Usually, growers working their steep Riesling vineyards in Germany’s Mosel Valley are dealing with wild boars come harvest time. If regional politicians have their way, the growers will soon be saddled with pork of a different kind.
About a month ago, I first heard about B50, a four-lane highway and proposed bridge traversing the Mosel Valley from the villages of Ürzig to Zeltingen-Rachtig. The bridge itself is a mile long and elevated more than 500 feet at its tallest point. The cost of the proposed project is estimated at 270 million euros, paid for by the taxpayers of the Rhineland-Palatinate (German news websites Zeitong and Ad Hoc News report that the federal government is picking up 250 million euros of the tab). The cost is likely to exceed this estimate.
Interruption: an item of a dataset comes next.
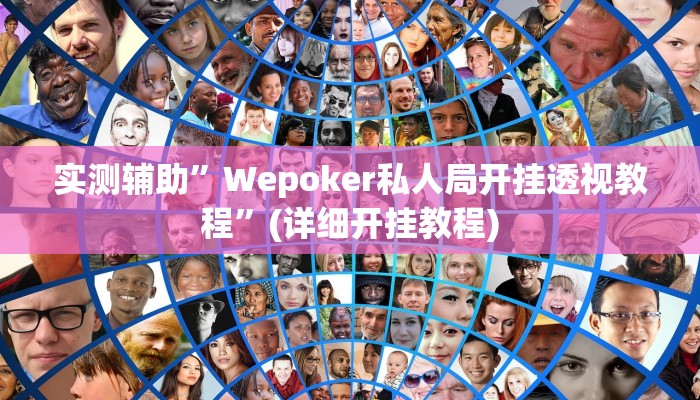实测辅助”Wepoker私人局开挂透视教程”(详细开挂教程)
The B50 history goes back about 40 years, to 1968. Various governments, legal challenges and lack of funding have delayed its construction until now. My associations with the Mosel Valley go back more than 20 years, so I was surprised not to hear about this project earlier. But that’s another story.
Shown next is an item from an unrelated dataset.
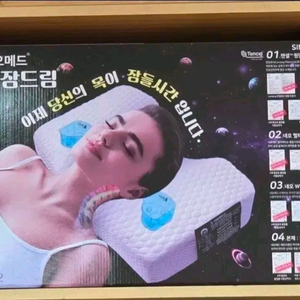네오메드 꿀잠드림 베개 JC-2022 이미지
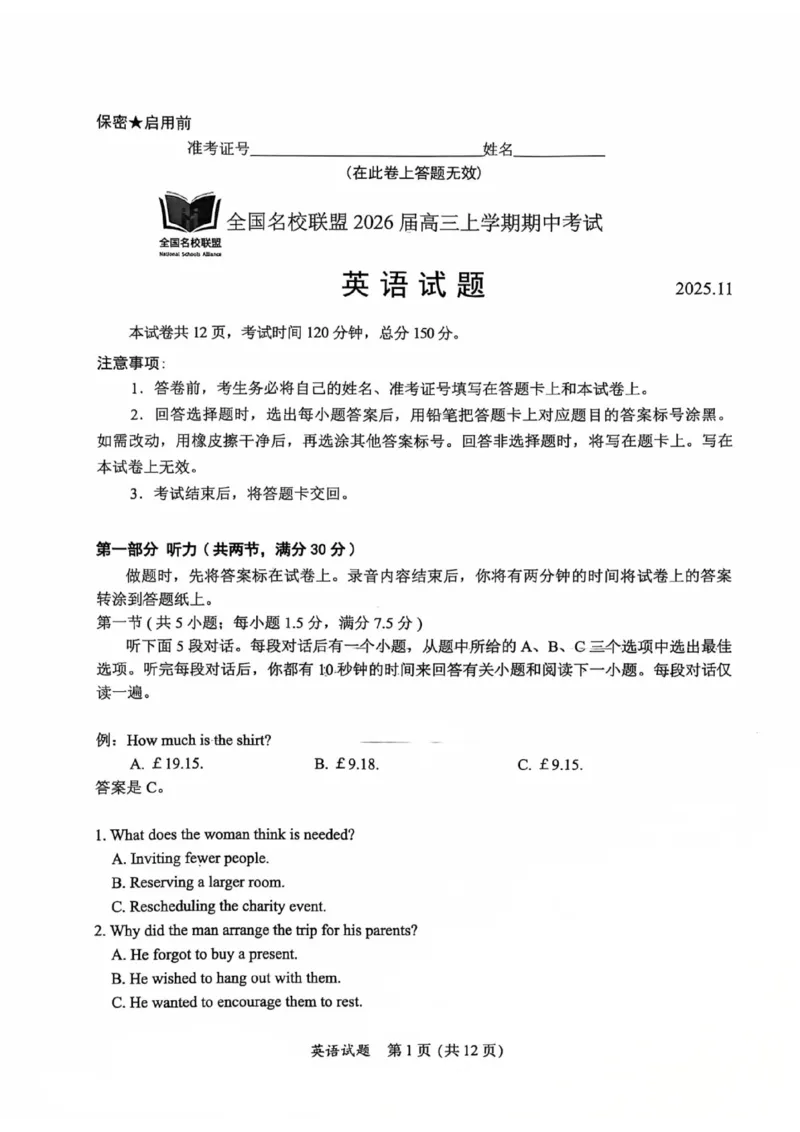 英语试卷-福建省全国名校联盟2026届高三上学期中考试_2025年11月_251119福建省全国名校联盟2026届高三上学期中考试（全科）_福建省全国名校联盟2026届高三上学期中考试英语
I recently saw Katharina Prüm, whose family owns the excellent Joh. Jos. Prüm estate, in New York. Their vineyards could be adversely affected. She told me ground was broken for the project in late April. Even in the best-case scenario, the project will desecrate a stunningly beautiful valley. "The Mosel should be a UNESCO cultural heritage, but that won’t happen with the bridge," she bristled. "It’s a bad idea but nothing can be done against it."
At its worst, the bridge and road may seriously impact the nearby vineyards. The section of vineyards from Zeltingen to Bernkastel is the largest contiguous slope of Riesling vines in the Mosel Valley, including top-quality sites such as Zeltinger Sonnenuhr, Wehlener Sonnenuhr, Graacher Himmelreich and Domprobst and Bernkasteler Doctor. On the other side of the river lie the Ürziger Würzgarten and Erdener Prälat vineyards, also prime Riesling sites.
While the construction won't pull out many vines, it will clear the forested land above the vineyards for the road. That vegetation helps to regulate the water supply to the vines below. Growers are concerned that drainage patterns and water supply will be significantly altered, with risk of flash flooding and erosion in areas.
The woodlands also currently protect the vines from cold air behind the valley; their destruction will change the mesoclimate. In this northern region, the unique combination of slate soils, temperature moderation from the river and the late-ripening Riesling grape that result in the delicate Mosel style of wine could be threatened.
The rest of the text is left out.